O sistema de junta governativa provisória vigorou até a redação da lei 16/1834, que instituiu eleições para a escolha de um regente único, além de estabelecer as Assembleias Legislativas para as províncias. A reorganização política das unidades do Império se deu no artigo 1º da norma. Além de extinguir os Conselhos Gerais para assunção das novas casas de legisladores, o dispositivo estipulou que “A autoridade da Assembléia Legislativa da Província em que estiver a Corte, não compreenderá a mesma Corte, nem o seu Município”. Ou seja, o chefe do Legislativo não teria autoridade sobre a sede do governo brasileiro.

Criava-se, assim, o primeiro município neutro do Brasil. A partir do dia 13 de agosto, quando a Lei entrou passou a vigorar, a província do Rio de Janeiro não mais abarcava o que, até então, fora sua capital. Niterói, do outro lado da Baía de Guanabara, foi alçada a sede administrativa da região. Essa organização vigorou até 15 de novembro de 1889, quando setores do Exército proclamaram o golpe militar da República. Desta forma, o Rio tornou-se o Distrito Federal do Brasil.

Somente uma cidade

Ainda na Assembleia Constituinte de 1890/91, quando as discussões acerca de uma possível transferência debutaram numa Constituição brasileira, alguns legisladores, ao debater o mudancismo, mostravam-se reticentes quanto à situação do Rio caso outra cidade recebesse a sede da República.

Na elaboração da nova Carta Magna, o deputado Thomaz Delphino (DF) lembrou que o município não necessitava do poder político para ser relevante. “Mas (…) o Rio de Janeiro não é grande por ser a Capital; não precisaria de ouropéis [falso ouro] da Corte, nem de ser a sede onde se congregam os representantes dos estados autônomos, para ser um dos maiores empórios comerciais do mundo, uma das maiores cidades da América”, afirmou em plenário no dia 13 de dezembro de 1890.

A respeito da configuração política e territorial da cidade, a bancada do Rio de Janeiro apresentou emenda cinco dias depois – rejeitada posteriormente – ao artigo que estabelecia a mudança da capital. Segundo o projeto, o Rio seria incorporado ao então estado do Rio de Janeiro, roubando de Niterói a sede administrativa da Unidade Federativa.

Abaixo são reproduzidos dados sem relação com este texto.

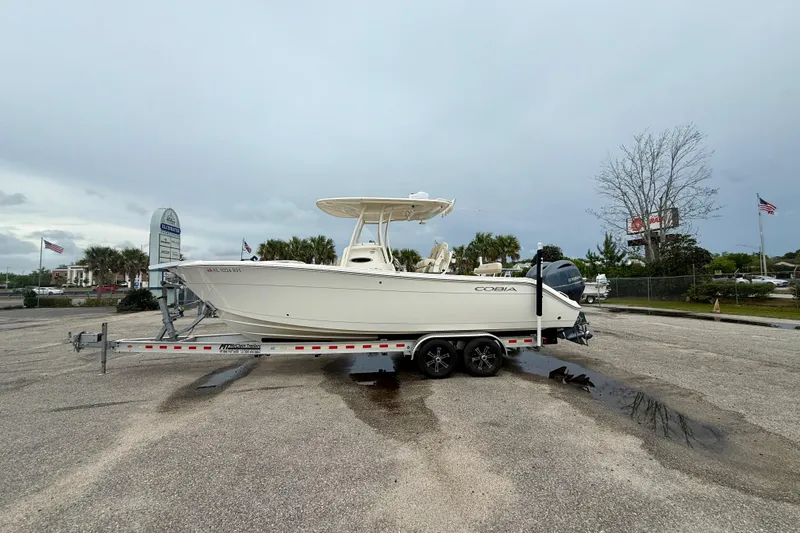 The Image of 2018 Cobia 261 Center Console boat on trailer in parking lot. - 0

Pela proposição mudancista, a Baía da Guanabara se tornaria parte de uma cidade-Estado, promessa que, aos representantes fluminenses, soava como ameaça de desmembramento do Rio. Ao concluir o discurso, um dos autores da proposta de inclusão do município ao quadro do estado, Urbano Marcondes, foi taxativo. “Queremos para esta Capital os destinos de Nova York, mas não queremos para ela o papel de Mônaco, nem de Andorra [dois principados independentes da Europa]”, ressaltou o parlamentar.

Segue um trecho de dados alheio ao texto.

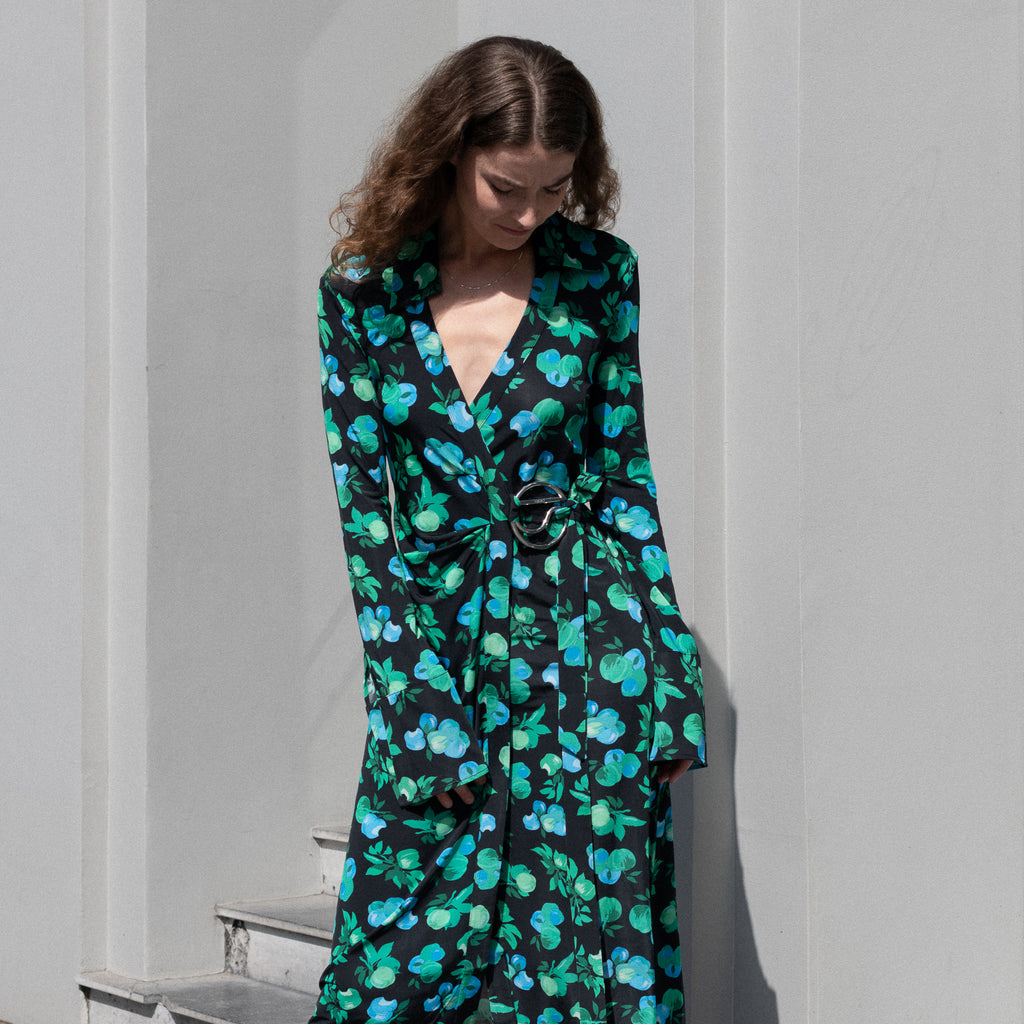 The Print Wrap Dress by Coperni is a feminine wrap dress with a Coperni Logo hardware detail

Com as obras em fase de conclusão e o dia de abertura da nova cidade que abrigaria os maiores poderes da República se aproximando, restava ao corpo político federal definir como ficaria o Rio de Janeiro. Após 45 anos como sede colonial, 14 como centro do reino lusitano, 67 como capital do império brasileiro e 71 como base da República, a Cidade Maravilhosa voltaria a ser “apenas” uma cidade. Antes governada por políticos biônicos (ou seja, indicados pelo presidente), a região direcionava boa parte do orçamento à folha do funcionalismo público. Assim, faltavam verba para atender às necessidades naturais de um núcleo urbano.

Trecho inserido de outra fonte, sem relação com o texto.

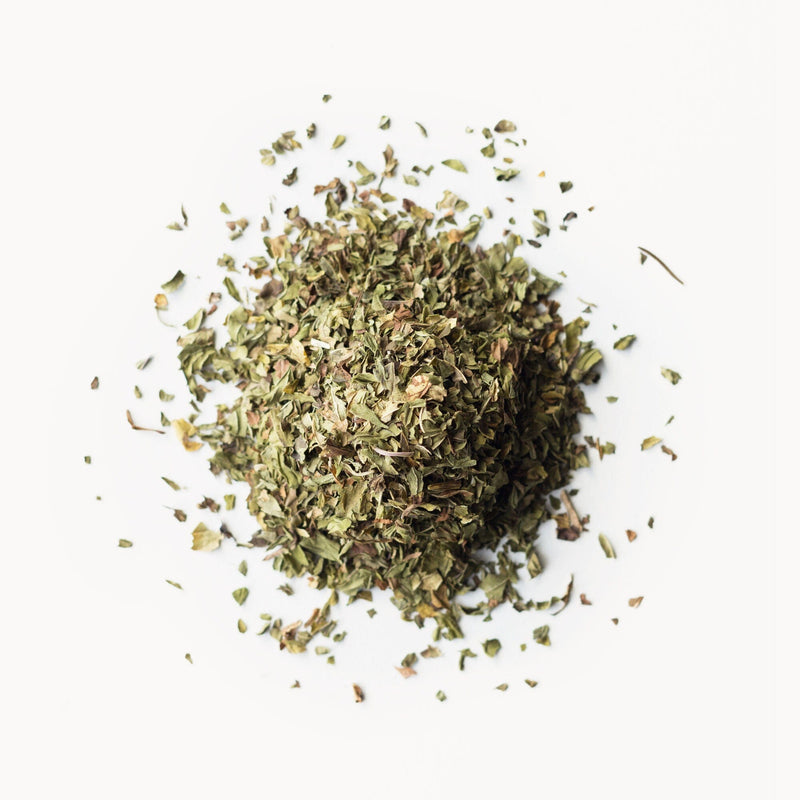 A pile of Rishi Tea & Botanicals Peppermint on a white background.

A solução partiu do Executivo nacional. Ao propor, através de um estatuto especial, que o antigo Distrito Federal se convertesse em um estado autônomo, o da Guanabara, o governo propôs que um interventor gerisse a Unidade Federativa até as próximas eleições, marcadas para aquele mesmo ano de 1960. Restava um mês e 16 dias para a transferência do poder público, e a corrida contra o relógio se agravava. Era necessário votar o estatuto da sede a ser inaugurada – sem o qual não seria possível tocar o país a partir do Planalto Central.

Uma falsa ligação

Os principais atores políticos daquele momento se dividiam em três partidos: a opositora União Democrática Nacional (UDN) de Carlos Lacerda; o Partido Trabalhista Brasileiro (PTB), do vice-presidente João Goulart; e o Partido Social Democrático (PSD), de Juscelino Kubitschek. A UDN, naturalmente, fez força para travar a votação da matéria; o PTB, temendo que o interventor nomeado pela União fosse o então ministro da Justiça, Armando Falcão, também se mostrou reticente na aprovação. Cabia a JK, com seu habitual jogo de cintura, contornar a situação – mesmo sem saber disso.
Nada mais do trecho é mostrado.